Une autre explication de la différence de prix correspond à la qualité de la ressource et à sa dégradation en raison des pollutions diffuses. C'est le principe pollueur payeur : payeur pour traiter davantage la ressource ou pour aller parfois la chercher à des dizaines de kilomètres, payeur des plans successifs de réduction des usages de produits phytosanitaires, payeur pour reconstituer des milieux aquatiques et de la biodiversité abîmés par des pratiques excessives de remembrement et d'assèchement de terres dans des aires d'alimentation des captages.
S'il est normal que les redevances des agences de l'eau dues par les pollueurs et les préleveurs couvrent les coûts de connaissance et d'administration de la ressource, donc de la police de l'eau, on ne peut que se poser la question des limites de financement par le buveur d'eau de la biodiversité et de l'amélioration des pratiques agricoles.

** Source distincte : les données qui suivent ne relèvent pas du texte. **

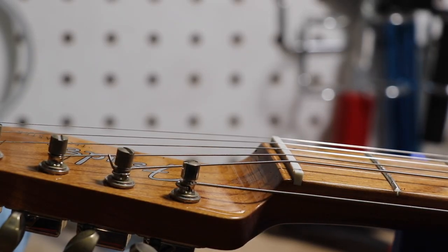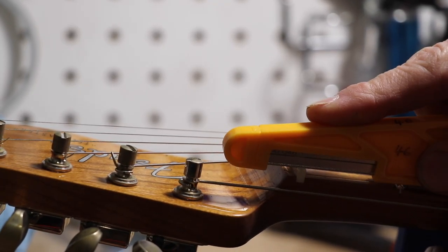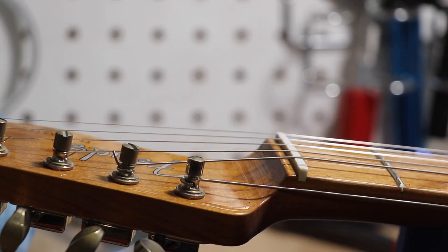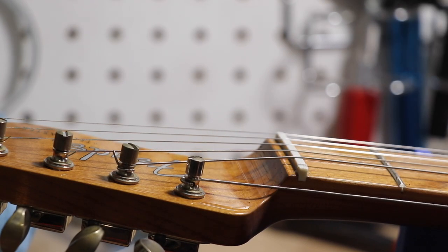A lot of times I've used different nut files in the past making our guitars and doing repairs in the shop. We've tried several different nut files and these have been one of my favorites so far. One of the biggest reasons is the control that you get. You can hold this larger piece and change out these little diamond files. One issue I've had with other files — like this 10-gauge file — is that it is completely flexible.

La directive-cadre 2000/60/CE du 23 octobre 2000 établissant un cadre pour une politique communautaire dans le domaine de l'eau demande d'ailleurs sur ce point de publier pour chaque grand bassin hydrographique les coûts supportés par chaque catégorie d'usagers. Elle demande de rendre compte de l'application du principe pollueur-payeur pour la récupération sur les pollueurs des coûts des dégradations de la ressource dont ils sont à l'origine. Ce sont des éléments essentiels de transparence de la politique de l'eau et d'évaluation de son efficacité, mais également d'aménagement des territoires. J'aurais pu inviter votre commission à consulter les évaluations réalisées par les bassins pour la mise à jour des schémas directeurs d'aménagement et de gestion des eaux (SDAGE) et des synthèses de l'OFB.
À ce jour, en métropole, l'équipement de desserte du territoire en eau et en assainissement collectif est pratiquement achevé. Il s'agit d'un élément important de l'attractivité et de la compétitivité des territoires. Si le service rendu était très perceptible par l'usager lors de l'arrivée de l'eau au robinet ou lors du raccordement au réseau d'égouts, le service va aujourd'hui de soi. Une large proportion des consommateurs usagers ignorent les équipements techniques et les moyens humains nécessaires. Ceci porte en germe le risque d'une remise en cause du financement de ces infrastructures par des usagers qui n'en connaissent ni le fonctionnement, ni les coûts, ni les besoins de financement. Or le maintien de la qualité du service dépendra de plus en plus de l'entretien et du renouvellement des infrastructures. La construction des liens entre le service et les consommateurs est un enjeu majeur pour les services locaux.
Cet enjeu est d'autant plus important que le changement climatique imposera des investissements significatifs en cas d'intrusion d'eau salée en zone littorale ou d'étiage plus prononcé des cours d'eau. C'est aujourd'hui qu'il faut définir les risques, car ce sont des investissements, mais aussi des modifications dans les utilisations de l'eau, qu'il nous faut définir, programmer et assurer dans les deux prochaines décennies. Les projets de SDAGE actuellement soumis à la consultation du public doivent constituer les premiers jalons de cette nécessaire adaptation au changement climatique.